EXERCISE REQUIREMENTS: Nothing but the lines from the one with "chitarra classica" through the end of the data should be set down, each exactly as written, and no picture should be included.

SOURCE DATA:
####

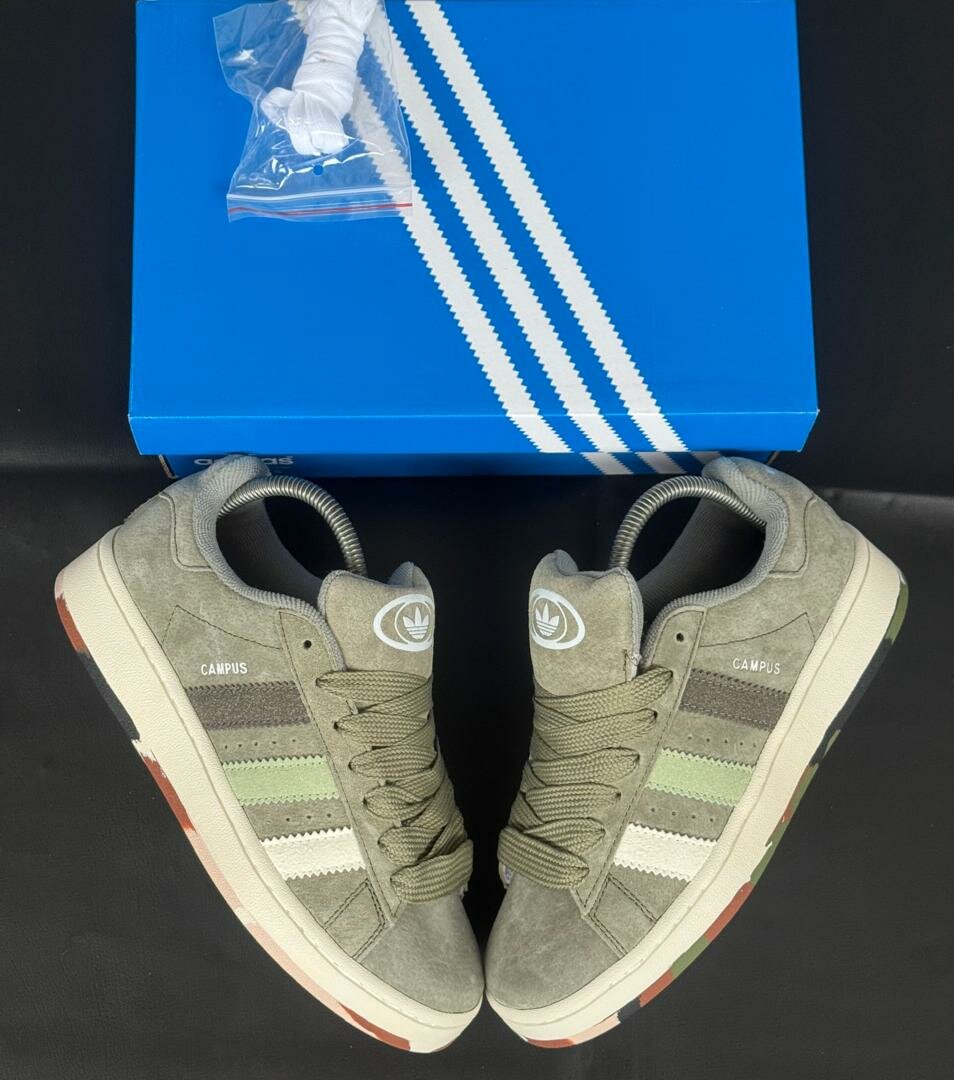 Adidas Campus Originals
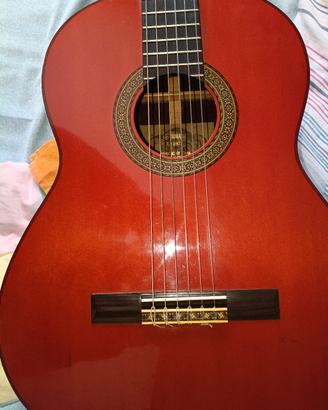 chitarra classica 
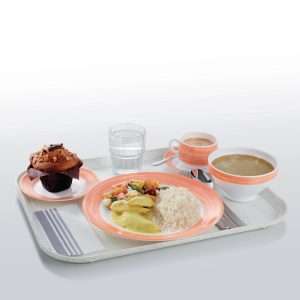 Arcoroc Brush Bowls Orange 120mm (36 Pack) 4 jk567 npi25 4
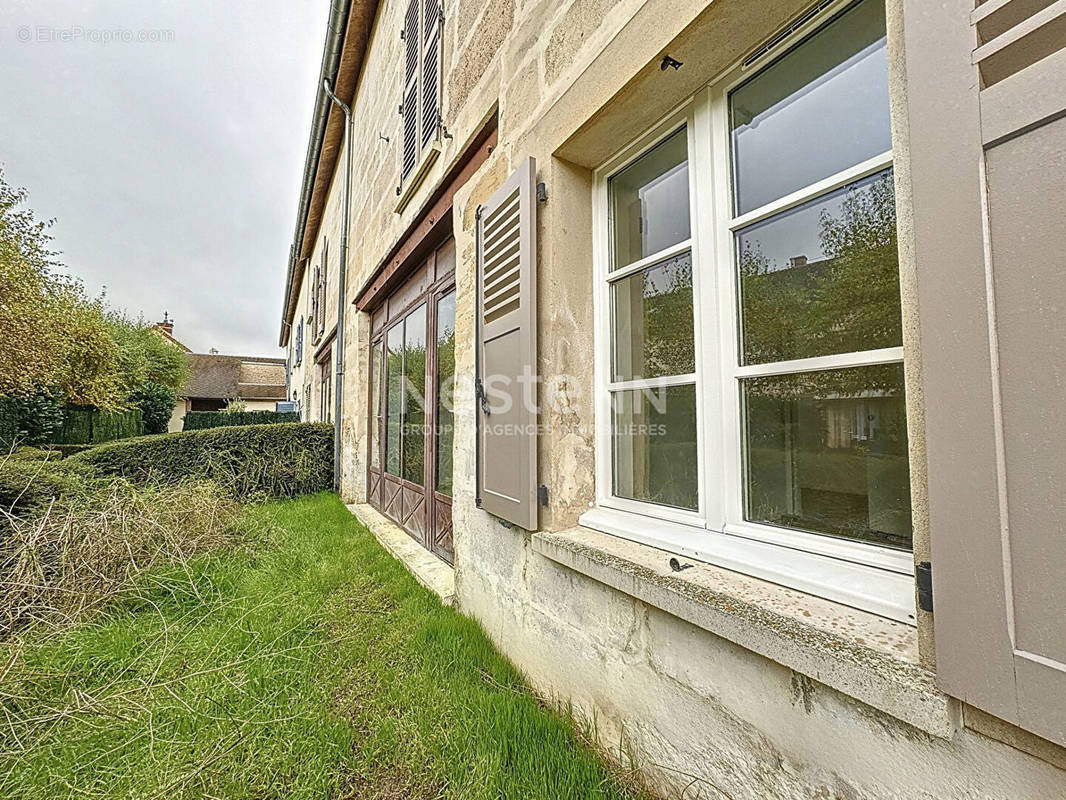 Appartement à BORAN-SUR-OISE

####

SOLVED PROBLEM:
 chitarra classica 
 Arcoroc Brush Bowls Orange 120mm (36 Pack) 4 jk567 npi25 4
 Appartement à BORAN-SUR-OISE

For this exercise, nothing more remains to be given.